The tips are from the guidelines for greywater use in South Africa written by researchers from the Future Water Research Institute at the University of Cape Town (UCT), and the Division of Community Health at Stellenbosch University. It’s specifically written for people that have to use untreated greywater, and has been taken from this blog that I wrote about the guidelines.
- Avoid human contact with greywater, or soil watered with greywater. Children and pets should be kept away from areas that are watered with greywater.
- Water that comes into contact with a toilet, urinal or a toilet fixture such as a bidet should never be used as greywater.

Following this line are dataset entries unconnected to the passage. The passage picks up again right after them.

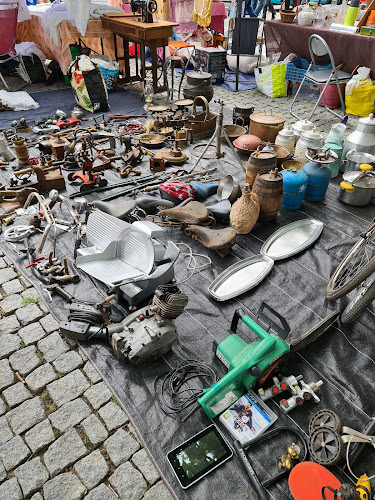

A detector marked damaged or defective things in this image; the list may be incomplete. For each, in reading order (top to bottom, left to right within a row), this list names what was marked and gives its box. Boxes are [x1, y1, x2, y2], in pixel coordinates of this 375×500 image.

rusty metal object [151, 157, 167, 173]
rusty metal object [0, 188, 37, 214]
rusty metal object [184, 227, 236, 258]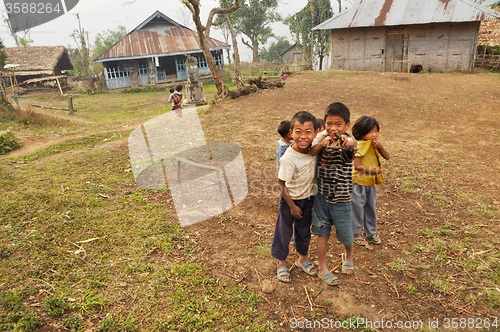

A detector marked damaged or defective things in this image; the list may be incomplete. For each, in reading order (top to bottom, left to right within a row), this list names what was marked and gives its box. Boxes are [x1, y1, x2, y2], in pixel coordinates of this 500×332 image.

rusty tin roof [94, 10, 229, 63]
rusty tin roof [314, 0, 500, 30]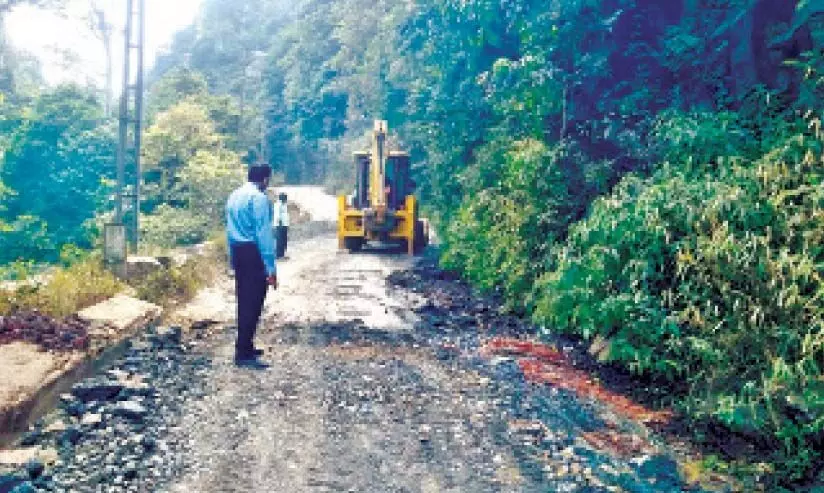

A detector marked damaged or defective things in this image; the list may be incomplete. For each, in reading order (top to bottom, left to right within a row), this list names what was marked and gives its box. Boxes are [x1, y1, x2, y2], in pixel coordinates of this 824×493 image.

damaged road [1, 190, 716, 490]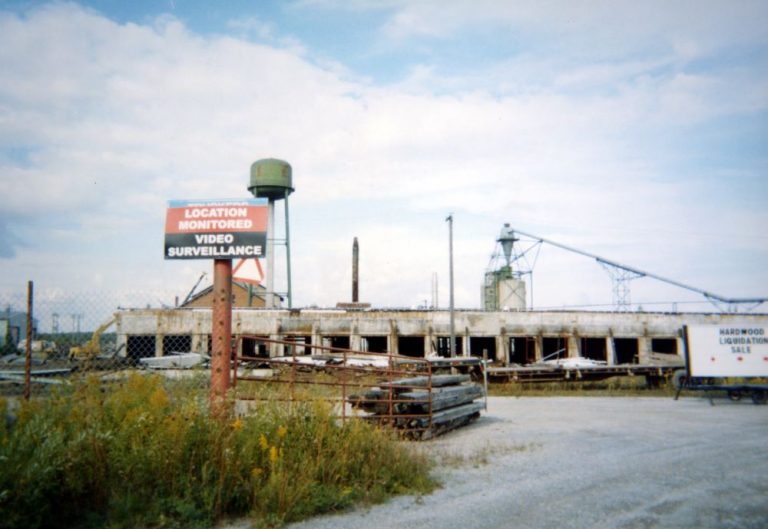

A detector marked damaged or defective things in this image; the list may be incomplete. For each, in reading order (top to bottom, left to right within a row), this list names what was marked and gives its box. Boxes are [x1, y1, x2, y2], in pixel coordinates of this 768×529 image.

rusty metal pole [210, 260, 231, 404]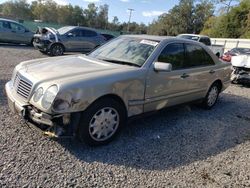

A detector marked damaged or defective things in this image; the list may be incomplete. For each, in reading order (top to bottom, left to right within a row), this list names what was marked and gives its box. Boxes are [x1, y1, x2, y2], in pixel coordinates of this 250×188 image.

damaged front bumper [230, 66, 250, 83]
broken headlight [41, 85, 58, 109]
damaged front bumper [5, 82, 79, 138]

- Water that has been used to wash nappies or other clothing soiled with faeces and/or urine should not be used.
- Water generated by cleaning in the laundry or bathroom, or when using hair dyes or other chemicals should not be used.
- Water from the kitchen sink or used in the kitchen to wash dishes or food should not be used.
- Greywater generated by washing clothes / brushes used for painting or for maintaining machinery and vehicles should not be used.
- Greywater should not be used if anybody living in the premises is suffering from diarrhea, ear or skin infections.
- Water used to wash animals, such as domestic pets, should not be used.
- ‘Low risk’ greywater, such as warm-up water from hot taps, rinse water, bath or shower water is preferable.
- Untreated greywater should not be stored for longer than 24 hours (otherwise it should be treated).
- Use signs to indicate greywater reuse, and label all pipes.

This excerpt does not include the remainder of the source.